I, Scepperus, had decided to start for Flanders immediately, but the King's commissioners will come to-morrow to settle about the first of two points agreed upon at Utrecht, namely that respecting the Customs dues and imposts here, of which the Flemings complain; although we have seen that the English are fully justified by their old registers, charters and controls, which we have inspected, for hundreds of years back up to the present time, as we have written to the Queen (Dowager). I have therefore decided to remain for to-morrow's conference.
London, 16 April 1546.
April 16. Vienna. Imp. Arch.247. Scepperus and Van der Delft to the Queen Dowager.
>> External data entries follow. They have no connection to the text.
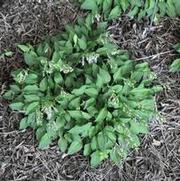 Hosta venusta 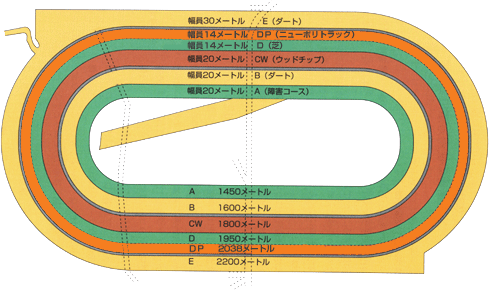 栗東トレーニングセンター調教施設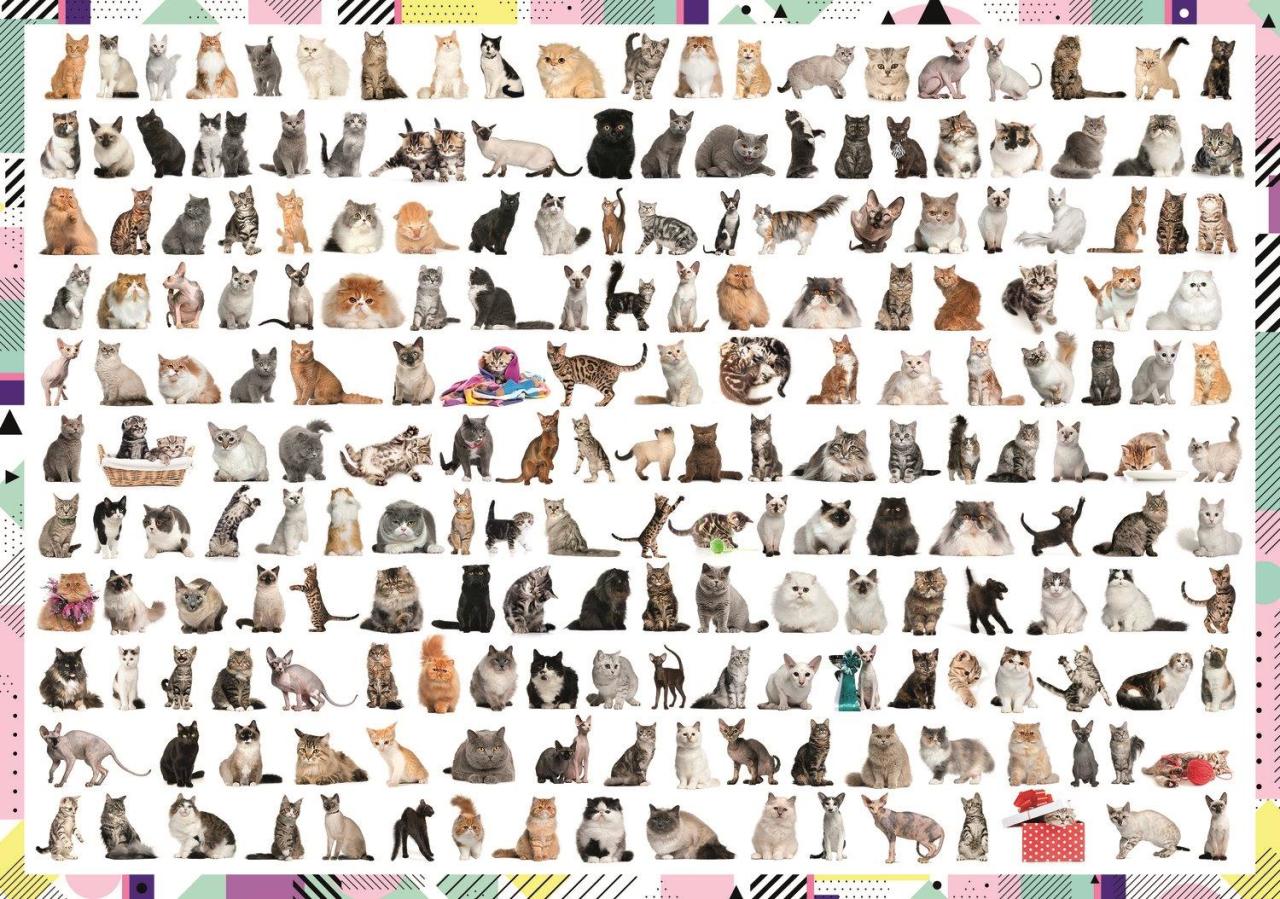 Trefl Puzzle 208 Cats 1000 Parça Puzzle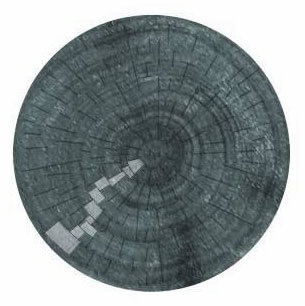 Иллюстрация к книге — Пена колдовских доменов [i_007.jpg]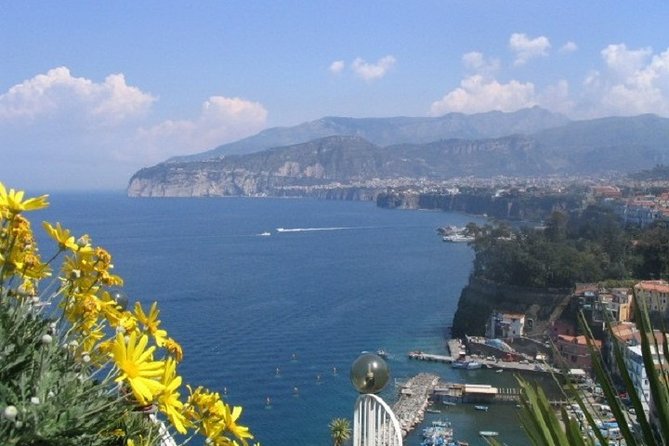 Naples Shore Excursion: Private Tour to Sorrento, Positano, and Amalfi - How This Private Driver Plan Works From Naples Port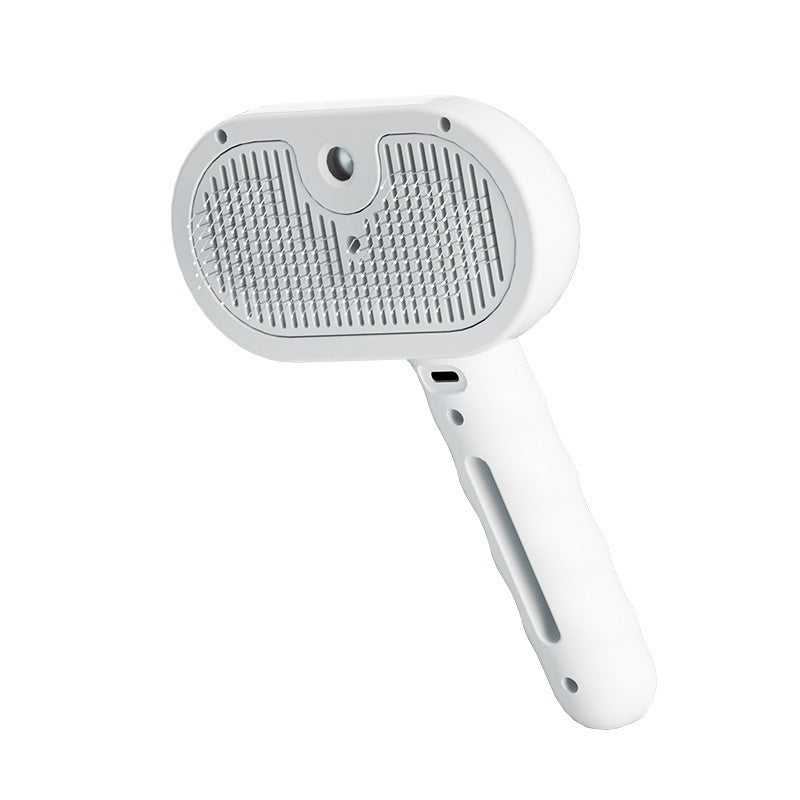 Professionele wellness stoomborstel SteamPro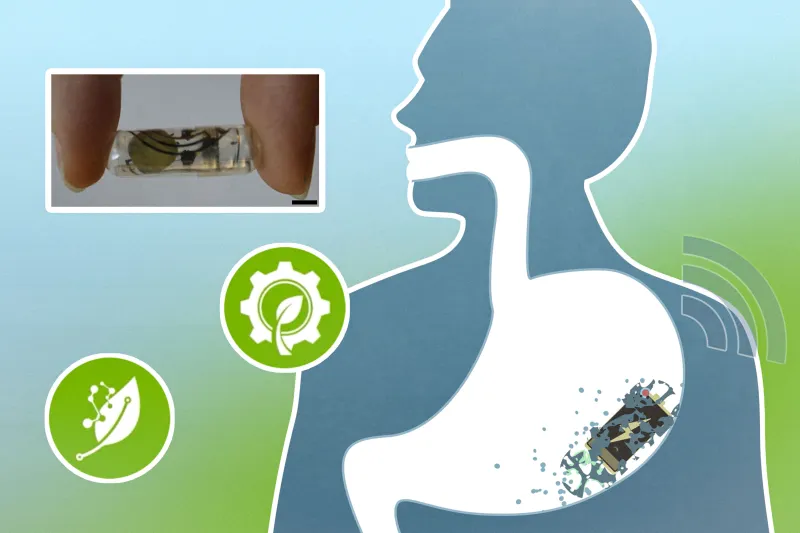 Batteries that safely break down in the GI tract could improve ingestible devices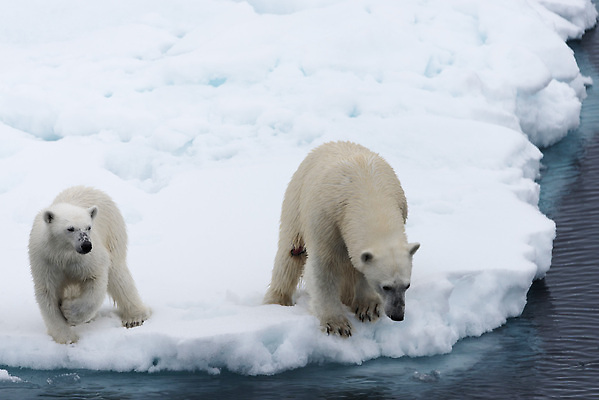포토 JPG 해외이미지 야생동물 두마리 겨울 사람없음 추위 흰색 눈 북극 북극곰 빙하 먹이사냥 해외202309 해외포토 자연요소 동물 계절 컬러 2 곰 날씨 극지방 파일형식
Your Majesty will see by our letters to the Emperor the details of our interview with the King to-day; and I, Scepperus, hope to give a further personal relation to your Majesty as soon as God enables me to return, which will be as soon as possible. I have decided to take the sea route, though on the journey hither I did not find it so convenient as formerly. I wish, however, to avoid the annoyances of Calais, and also not to be obliged, out of civility, to salute the Duke Philip, Count Palatine, who is to stay at Calais for some days. We are anxious to pray your Majesty to order the captain of Gravelines to allow some fresh poultry, fish, and other similar things to pass for the Lord Admiral of England and Secretary Paget, who we find willing to exert themselves in favour of the settlement of the complaints made by the subjects of the Emperor. Paget has asked us to write to the captain of Gravelines on the subject.
London, 16 April 1546.
April (17 ?) Vienna. Imp. Arch.248. The Queen Dowager to Van der Delft and Scepperus.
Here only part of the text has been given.